The scor­pion is noted for its peculiar courtship dances (Fig. 18.114 a-c). The male, while approach­ing a female flickers the post-abdomen ver­tically. When the female responds by doing similar movement, the male grabs the female’s pedipalps with its own and moves backward in a straight line. This movement may continue for 1/2 hour- 2 hours.

At this time, the male, with the help of its anterior pairs of legs, touches the pectines and genital opercula of the female. The pectines of male frequently touch the surface and its posterior legs perform a scratching movement on the surface.’

Formerly, it was thought that the nuptial dance of scorpion is to excite female. But now its correct meaning is understood. This dance is intended only to find a suitable surface for depositing the spermatophore.
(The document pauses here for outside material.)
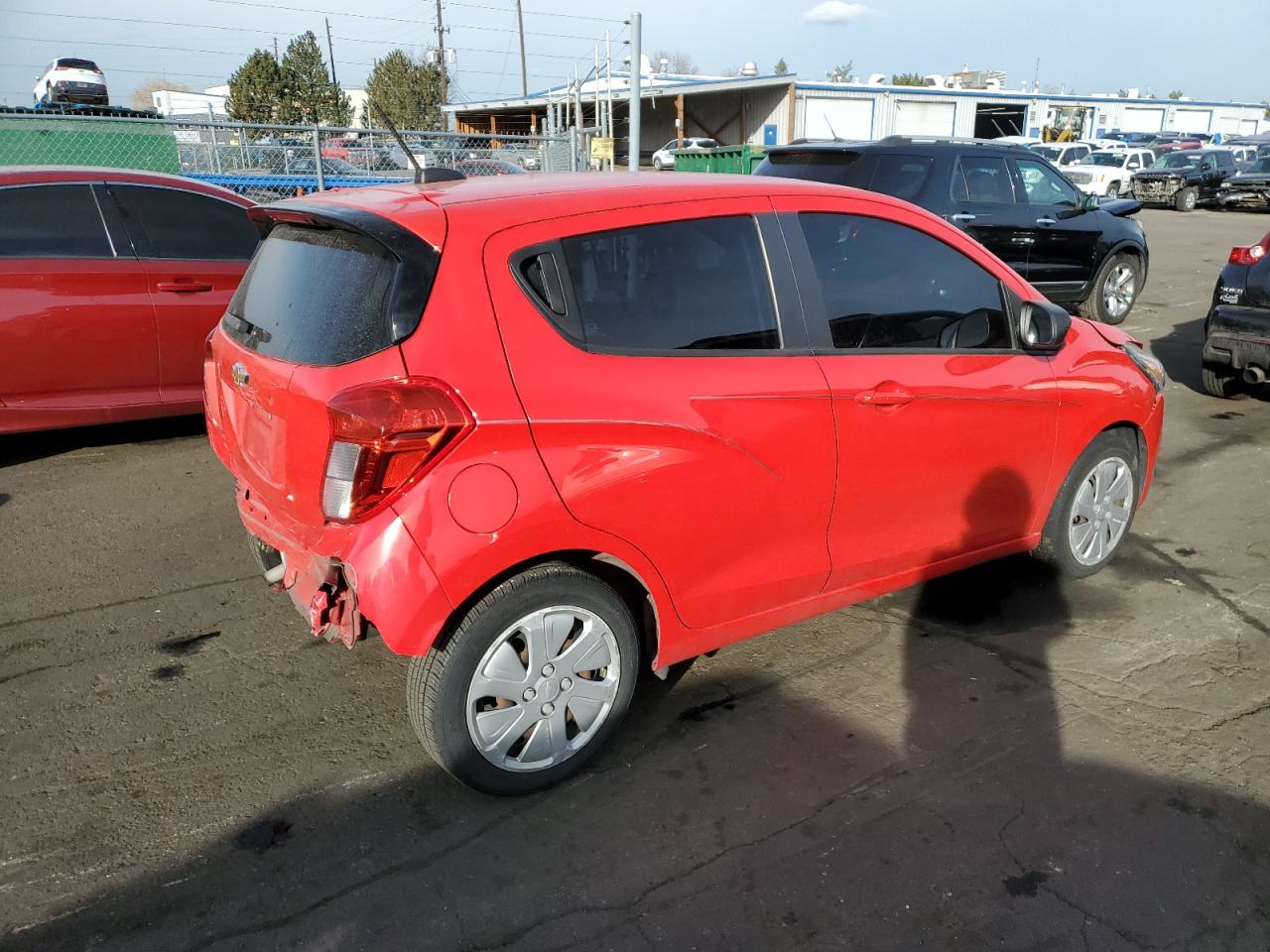 Lot #3026235287 2016 CHEVROLET SPARK LS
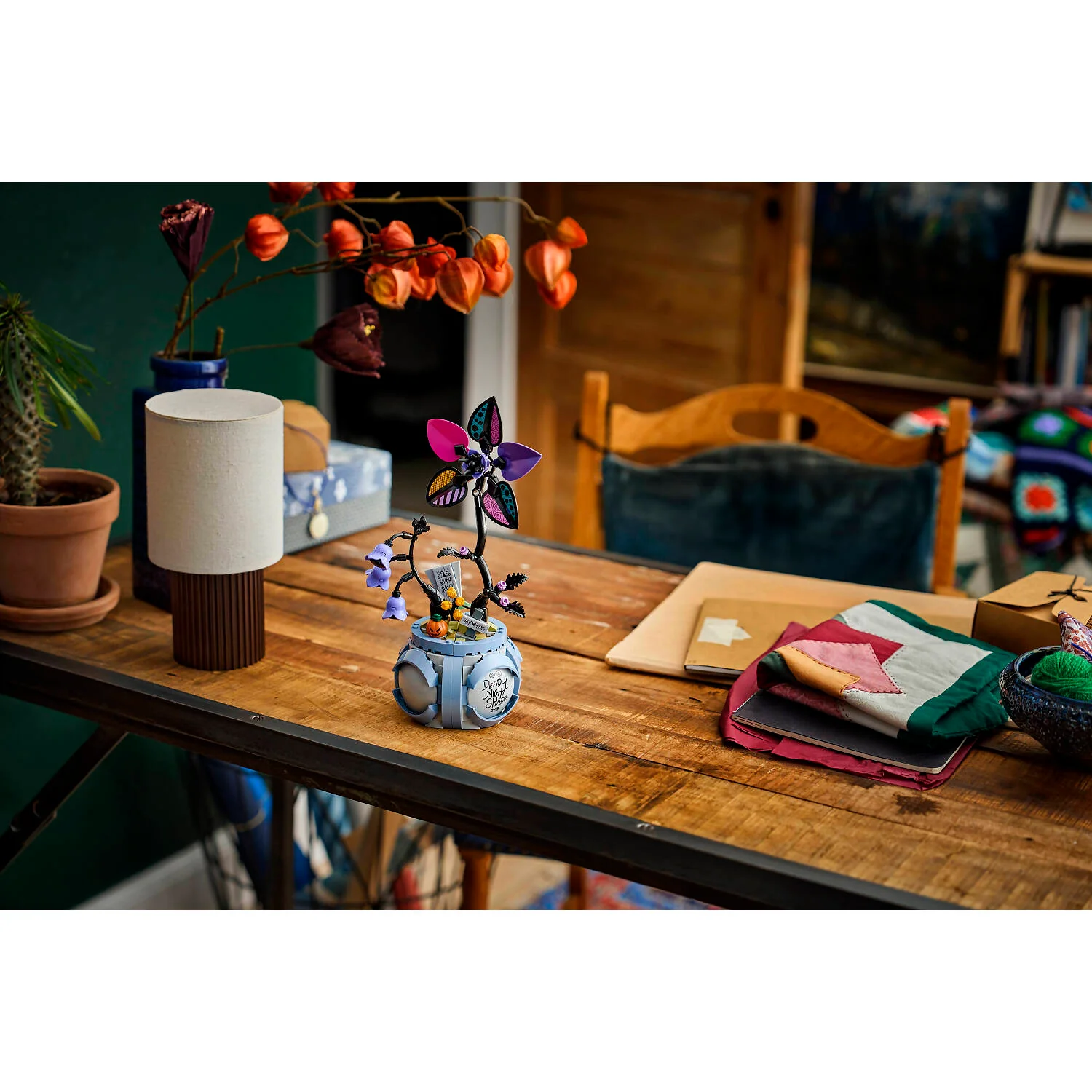 LEGO 43288 Sally's Flowerpot - Disney - Image 9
When the spermatophore is deposited, the male drags the female over it. When the genital operculum of female touches the le­ver of spermatophore, the ejecting apparatus shoots the sperm within the female genital tract.

The pectines of male play important role in finding the suitable surface. It has been shown experimentally that a male scor­pion with excised pectines performs routine nuptial dance with the female but it never deposits the spermatophores.


11. Development of Scorpion:

The scorpions may be viviparous or ovoviviparous, depending upon the content of yolk in the egg. In the viviparous forms the yolk content is poor. Such fertilized eggs grow on the follicles of the ovary. The follicle acts as ‘placenta’ and provides nutrition to the embryo. In ovovi­viparous forms the yolk content is high and in them the fertilized eggs drop within the tube of the ovary and develop there.

In the embryo, seven pairs of appendages appear in the mesosoma but the appendages in the fourth to seventh segments are tucked in to form the book-lungs.

Newly born- scorpion resembles its mother and immediately after birth climbs on her back. It remains there for 40-63 days and undergoes there moults. It then starts independent life but maturity takes 1-5 years to complete and during that time the scorpion moults seven times.